Dr. Glorioso's contributions to the field include defining antiviral immune responses to infection, the genetics of viral pathogenesis and latency, and mechanisms of viral infection. He is a pioneer in the design and application of HSV gene vectors for the treatment of nervous system diseases such as peripheral neuropathies, chronic pain, and brain tumors. In addition, Dr. Glorioso is a world leader in the HSV gene vector field through the construction of gene vectors and the development of manufacturing methods for Phase I and Phase II human clinical trials for gene therapy. Phase II trials using the enkephalin vector generated by his group will begin for treatment of intractable and chronic cancer related pain this fall.
Receptors for HSV infection are expressed on a very wide range of human cells and tissues and methods to limit infection disease targets are therefore desirable for the use of HSV as a gene delivery vehicle or lytic agent to destroy cancer cells. Over the years, Dr. Glorioso's group has studied the envelope glycoproteins of HSV that play a role in cell recognition and entry in order to acquire the knowledge to narrow and redirect the viral tropism by genetic manipulation of the key players.
Binding of the HSV glycoprotein gD to the cognate receptors HVEM or nectin-1 results in signaling events that activate the viral membrane fusion apparatus required for fusion of the viral envelope with cell membranes leading to release of the virus capsid into the cytoplasm. Because gD determines virus tropism, Dr. Glorioso's group has sought to identify and delete the receptor recognition domains (detargeting) and replace these with new ligands that will afford exclusive entry via novel receptors (full retargeting). Dr. Glorioso's laboratory detargeted the virus by N-terminal deletion abolishing HVEM binding and a point mutation that eliminated binding to nectin-1. A single chain antibody to the EGF receptor (EGFR) or carcinoembryonic antigen (CEA) were introduced into the N-terminal deletion. Viruses expressing either of these chimeric gD molecules infect cells expressing EGFR or CEA, but not the cognate receptors. However, these mutant viruses demonstrate a much lower efficiency of entry than wild-type virus via nectin-1 or HVEM. To overcome this problem, a reiterative selection procedure yielded facilitating mutations in components of the HSV fusion apparatus, gB and gH, that could complement impaired gD-receptor binding, suggesting that the fusion apparatus was "sensitized" to receptor-dependent activation by gD. These mutations mediated greatly enhanced retargeted virus entry. Further study has shown that the altered specificity of the EGFR-retargeted virus prevents viral replication in normal brain, but allows efficient infectivity of tumors expressing EGFR, including glioblastomas.

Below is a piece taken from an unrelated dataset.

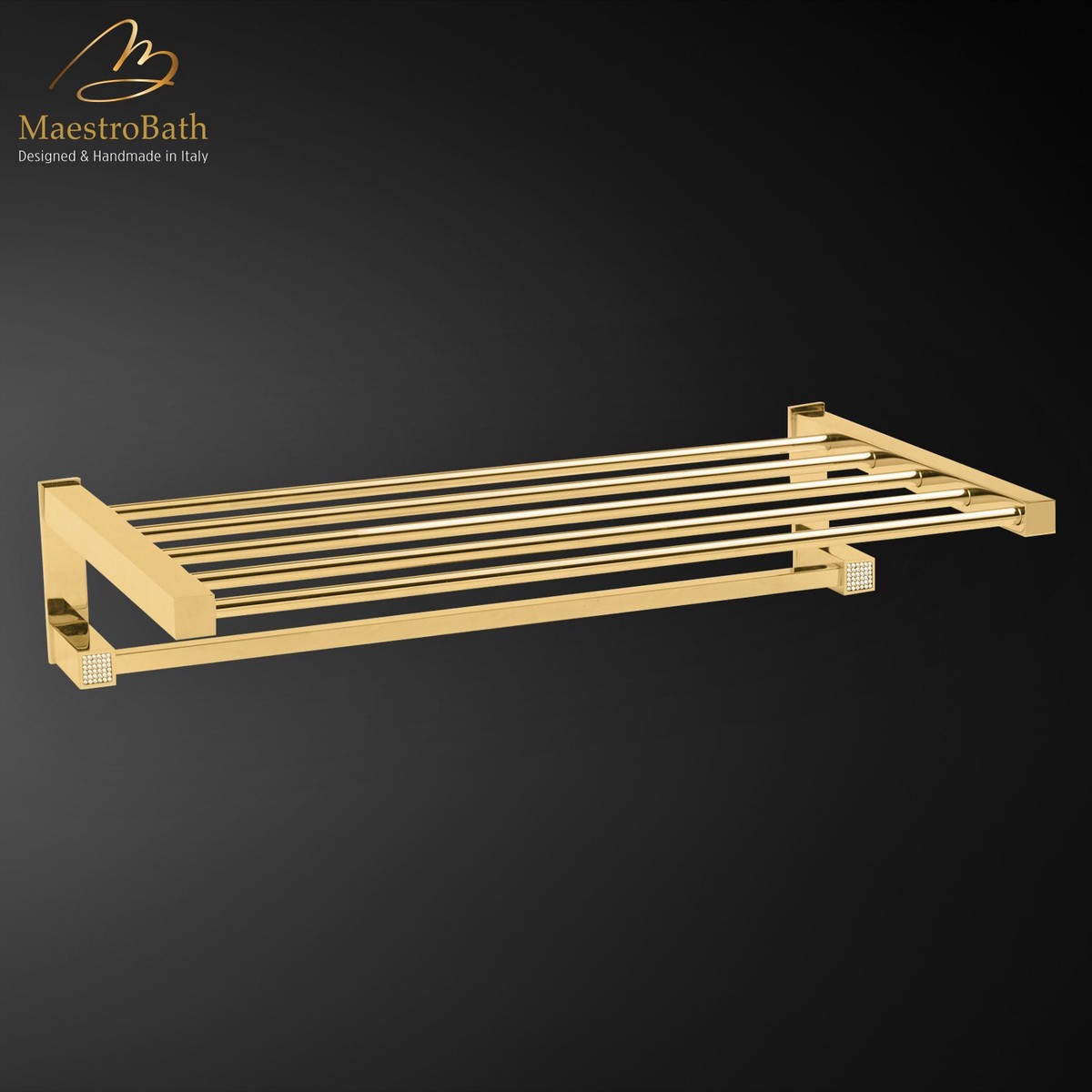 Skip Diamond Towel Holder Stand Polished Gold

Dr. Glorioso's most recent work focuses on the development of these "next" generation oncolytic HSV vectors for the treatment of glioblastoma. His laboratory has produced replication competent HSV vectors that will kill tumor cells by lytic replication, but are non-infectious for normal neurons and thus, nonpathogenic in the brain. These vectors do not recognize the normal virus receptors but rather are fully retargeted for infection via the tumor marker EGFR and its mutant derivative EGFRvIII. His team has also discovered viral glycoprotein mutations that greatly enhance the efficiency of tumor cell infection. Other modifications include the placement of essential viral replication functions under control of high abundance micro-RNAs that are differentially expressed in neurons and tumor cells. This combination of targeting methods provides a safe cancer treatment vector without compromising vigorous virus growth and intra-tumoral spread. This next generation vector is under study in preclinical models of human glioblastoma. Dr. Glorioso truly represents another great example of a Paradigm Builder. The Society congratulates Dr. Glorioso for his many outstanding scientific achievements.